Memory leak in Rack middlewares

March 03, 2022

Earlier this month we received a report in our Bug Bounty program claiming that user sessions were being leaked when a request was made with an invalid JSON body. We were skeptical at first, but to our surprise we managed to replicate the report! What is going on?

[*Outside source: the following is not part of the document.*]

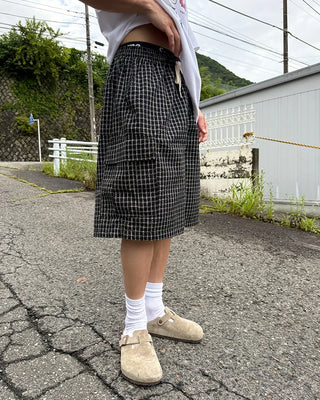 Checked cargo Bermuda shorts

This post aims to summarize our findings and hopefully save other teams some time and trouble in the long run.

Scenario

Every new request with an invalid JSON body would expose one or more Set-Cookie headers in our responses, sometimes from sessions you did not own yourself.

Request

POST /graphql HTTP/1.1 Host: service.com Accept: */* Content-Type: application/json Content-Length: 18 { broken JSON

Response

HTTP/1.1 400 Bad Request Date: Thu, 03 Feb 2022 12:24:48 GMT Content-Type: text/plain ... Set-Cookie: _service_session=<value1>; path=/; expires=Fri, 04 Feb 2022 08:38:48 GMT; secure; HttpOnly; SameSite=Lax; SameSite=None; Set-Cookie: _service_session=<value2>; path=/; expires=Fri, 04 Feb 2022 11:56:03 GMT; secure; HttpOnly; SameSite=Lax; SameSite=None; ... Bad Request

Response with multiple Set-Cookie headers, which shouldn’t happen in our case.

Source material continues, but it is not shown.